Mission Statement
Our funding:
The primary sources of funds are the McKay endowment proceeds for education and art acquisitions and our two main annual events: Homes for the Holidays in November and the Fine Art Auction in the spring.
Proceeds are applied to our volunteer program, art conservation, exhibition research, art acquisitions and educational program development.
Our history:
Kathleen and Donald McKay’s home at 197 Main Street was Kathleen’s ancestral home. She was a descendant of pioneer Philip Eckardt, who was a Berczy Settler in the late 1790s.
Also a member of another pioneering family, the Gormleys, Kathleen was born in Markham and met Donald while singing in the St. Phillips Church in Unionville. They married in 1927. When the McKays moved back to Unionville from Toronto in 1957, they restored the house, appreciating and maintaining its historical significance. Fred Varley, whom the McKays had met in 1952, and who had lived with them in their Toronto home, moved in with them and the basement became his studio. He lived there for 12 years until his death in 1969 at the age of 88.
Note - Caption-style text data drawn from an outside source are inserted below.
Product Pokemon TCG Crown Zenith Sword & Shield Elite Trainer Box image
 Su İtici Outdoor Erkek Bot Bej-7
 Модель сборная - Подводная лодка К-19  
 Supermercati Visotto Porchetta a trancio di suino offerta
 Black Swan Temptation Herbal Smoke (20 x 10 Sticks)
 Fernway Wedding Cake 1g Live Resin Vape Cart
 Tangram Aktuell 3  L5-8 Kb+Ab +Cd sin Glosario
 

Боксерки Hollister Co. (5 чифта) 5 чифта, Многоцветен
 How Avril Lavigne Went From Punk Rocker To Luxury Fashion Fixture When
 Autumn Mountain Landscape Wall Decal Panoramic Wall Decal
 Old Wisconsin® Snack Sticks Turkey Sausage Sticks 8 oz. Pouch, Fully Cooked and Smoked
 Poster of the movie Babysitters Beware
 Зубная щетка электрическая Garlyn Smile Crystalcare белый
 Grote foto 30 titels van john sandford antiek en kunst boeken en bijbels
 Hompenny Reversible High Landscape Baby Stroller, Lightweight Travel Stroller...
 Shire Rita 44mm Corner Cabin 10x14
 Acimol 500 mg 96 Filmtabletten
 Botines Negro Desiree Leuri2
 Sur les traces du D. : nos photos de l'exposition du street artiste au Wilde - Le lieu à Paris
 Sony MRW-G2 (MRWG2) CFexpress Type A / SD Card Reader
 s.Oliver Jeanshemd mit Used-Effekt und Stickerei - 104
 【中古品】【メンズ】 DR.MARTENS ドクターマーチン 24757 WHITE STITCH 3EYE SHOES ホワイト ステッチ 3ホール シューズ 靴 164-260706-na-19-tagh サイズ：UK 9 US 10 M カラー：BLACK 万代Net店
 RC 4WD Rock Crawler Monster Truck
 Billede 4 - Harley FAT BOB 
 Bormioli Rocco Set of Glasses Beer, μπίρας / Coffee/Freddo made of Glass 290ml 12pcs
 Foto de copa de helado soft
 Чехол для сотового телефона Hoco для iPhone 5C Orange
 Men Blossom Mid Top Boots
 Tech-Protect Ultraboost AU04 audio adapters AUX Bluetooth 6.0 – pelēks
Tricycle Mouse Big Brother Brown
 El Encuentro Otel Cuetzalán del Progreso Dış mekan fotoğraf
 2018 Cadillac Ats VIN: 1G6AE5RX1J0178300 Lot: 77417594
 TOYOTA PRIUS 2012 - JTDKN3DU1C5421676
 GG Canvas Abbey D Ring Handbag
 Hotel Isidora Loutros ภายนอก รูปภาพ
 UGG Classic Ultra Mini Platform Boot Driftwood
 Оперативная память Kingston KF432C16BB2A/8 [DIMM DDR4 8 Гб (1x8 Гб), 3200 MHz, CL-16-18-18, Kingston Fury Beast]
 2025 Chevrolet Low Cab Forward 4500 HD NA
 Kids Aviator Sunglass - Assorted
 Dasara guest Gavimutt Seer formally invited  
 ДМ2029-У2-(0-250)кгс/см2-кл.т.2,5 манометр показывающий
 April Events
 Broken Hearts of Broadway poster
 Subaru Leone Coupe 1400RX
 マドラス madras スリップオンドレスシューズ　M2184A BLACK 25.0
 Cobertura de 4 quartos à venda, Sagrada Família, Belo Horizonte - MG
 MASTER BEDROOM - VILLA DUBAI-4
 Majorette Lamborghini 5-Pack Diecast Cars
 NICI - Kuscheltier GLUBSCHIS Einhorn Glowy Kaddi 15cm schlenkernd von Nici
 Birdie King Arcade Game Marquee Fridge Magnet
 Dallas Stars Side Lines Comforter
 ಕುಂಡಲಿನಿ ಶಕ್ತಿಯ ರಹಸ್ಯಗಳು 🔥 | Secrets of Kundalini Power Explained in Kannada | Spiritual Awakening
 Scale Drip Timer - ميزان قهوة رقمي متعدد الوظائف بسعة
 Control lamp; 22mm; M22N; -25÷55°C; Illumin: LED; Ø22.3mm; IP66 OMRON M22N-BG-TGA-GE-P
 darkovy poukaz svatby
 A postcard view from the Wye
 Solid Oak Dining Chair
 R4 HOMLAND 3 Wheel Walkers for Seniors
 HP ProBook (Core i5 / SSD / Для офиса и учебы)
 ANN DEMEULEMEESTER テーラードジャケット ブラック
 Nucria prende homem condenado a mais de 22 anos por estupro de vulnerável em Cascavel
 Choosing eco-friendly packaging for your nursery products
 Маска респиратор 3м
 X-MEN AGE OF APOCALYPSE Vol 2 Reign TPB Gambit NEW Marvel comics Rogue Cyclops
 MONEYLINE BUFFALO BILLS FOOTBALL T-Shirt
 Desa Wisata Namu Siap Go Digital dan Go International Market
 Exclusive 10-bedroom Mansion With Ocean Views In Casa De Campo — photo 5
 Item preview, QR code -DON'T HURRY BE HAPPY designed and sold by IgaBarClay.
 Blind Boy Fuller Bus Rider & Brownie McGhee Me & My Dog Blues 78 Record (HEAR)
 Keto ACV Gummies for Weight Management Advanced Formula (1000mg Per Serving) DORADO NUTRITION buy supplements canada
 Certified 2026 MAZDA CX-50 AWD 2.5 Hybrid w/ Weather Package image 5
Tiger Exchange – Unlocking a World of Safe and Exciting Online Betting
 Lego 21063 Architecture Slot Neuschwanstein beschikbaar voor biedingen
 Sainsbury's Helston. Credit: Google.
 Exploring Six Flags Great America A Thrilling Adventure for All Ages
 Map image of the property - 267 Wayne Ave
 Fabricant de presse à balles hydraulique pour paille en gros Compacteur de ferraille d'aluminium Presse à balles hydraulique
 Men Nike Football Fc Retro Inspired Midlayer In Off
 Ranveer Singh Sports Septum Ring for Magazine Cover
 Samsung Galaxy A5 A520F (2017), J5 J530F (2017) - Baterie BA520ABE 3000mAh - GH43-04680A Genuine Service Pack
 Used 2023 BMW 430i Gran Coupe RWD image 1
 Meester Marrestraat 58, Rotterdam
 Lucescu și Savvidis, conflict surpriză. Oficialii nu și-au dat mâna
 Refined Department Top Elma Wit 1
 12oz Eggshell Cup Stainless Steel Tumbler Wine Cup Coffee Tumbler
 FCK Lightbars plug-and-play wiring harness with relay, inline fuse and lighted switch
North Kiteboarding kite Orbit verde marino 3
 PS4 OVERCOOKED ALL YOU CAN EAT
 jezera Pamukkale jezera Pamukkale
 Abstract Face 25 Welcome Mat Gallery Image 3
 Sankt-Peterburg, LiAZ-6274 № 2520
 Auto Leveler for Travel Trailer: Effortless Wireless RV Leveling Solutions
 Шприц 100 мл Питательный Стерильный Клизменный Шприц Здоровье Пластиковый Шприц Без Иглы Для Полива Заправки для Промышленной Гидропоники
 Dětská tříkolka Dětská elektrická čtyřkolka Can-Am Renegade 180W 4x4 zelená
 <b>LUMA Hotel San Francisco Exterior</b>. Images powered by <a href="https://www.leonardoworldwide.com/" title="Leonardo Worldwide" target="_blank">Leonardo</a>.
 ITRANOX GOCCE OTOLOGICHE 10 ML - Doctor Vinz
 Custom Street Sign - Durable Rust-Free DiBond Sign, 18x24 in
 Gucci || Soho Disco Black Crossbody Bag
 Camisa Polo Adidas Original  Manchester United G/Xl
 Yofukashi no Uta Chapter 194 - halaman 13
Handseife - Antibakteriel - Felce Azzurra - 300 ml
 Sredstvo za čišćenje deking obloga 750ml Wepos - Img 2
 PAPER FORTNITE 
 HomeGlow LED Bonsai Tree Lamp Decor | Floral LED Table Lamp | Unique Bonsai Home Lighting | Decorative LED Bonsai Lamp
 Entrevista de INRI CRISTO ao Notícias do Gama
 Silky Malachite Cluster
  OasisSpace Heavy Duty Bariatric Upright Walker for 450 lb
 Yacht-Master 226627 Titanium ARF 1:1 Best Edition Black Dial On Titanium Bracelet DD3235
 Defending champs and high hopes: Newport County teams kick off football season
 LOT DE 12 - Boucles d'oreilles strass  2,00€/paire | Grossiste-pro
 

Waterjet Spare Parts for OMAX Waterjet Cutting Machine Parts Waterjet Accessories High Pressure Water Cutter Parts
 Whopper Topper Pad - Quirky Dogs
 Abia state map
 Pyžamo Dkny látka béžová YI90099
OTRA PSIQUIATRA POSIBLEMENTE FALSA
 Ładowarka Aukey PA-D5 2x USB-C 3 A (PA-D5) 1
Now each year, hundreds of art students, children and adults, use that studio for art classes. And most are unaware that they are privileged to be working in the studio of Fred Varley – they don’t know that Varley built the fireplace that dominates the room, or that the furnishings and sink were also part of his working studio. Since 1991, the Kathleen McKay Art Centre in the Salem Eckardt House has also been used to host exhibitions of original artwork by regional artists.
Kathleen McKay left a founding art collection of 67 works including many Varley works, an archival collection and an endowment of $1.5 million. The McKay Will required that the residue of the Estate forming the endowment be used for art education, art conservation and acquisition.
In 1997, just three months after Kathleen’s passing, the Frederick Horsman Varley Art Gallery of Markham opened its doors. The 15,000 sq ft. gallery is a major regional gallery with a focus on Varley’s legacy in portraiture and Canadian art.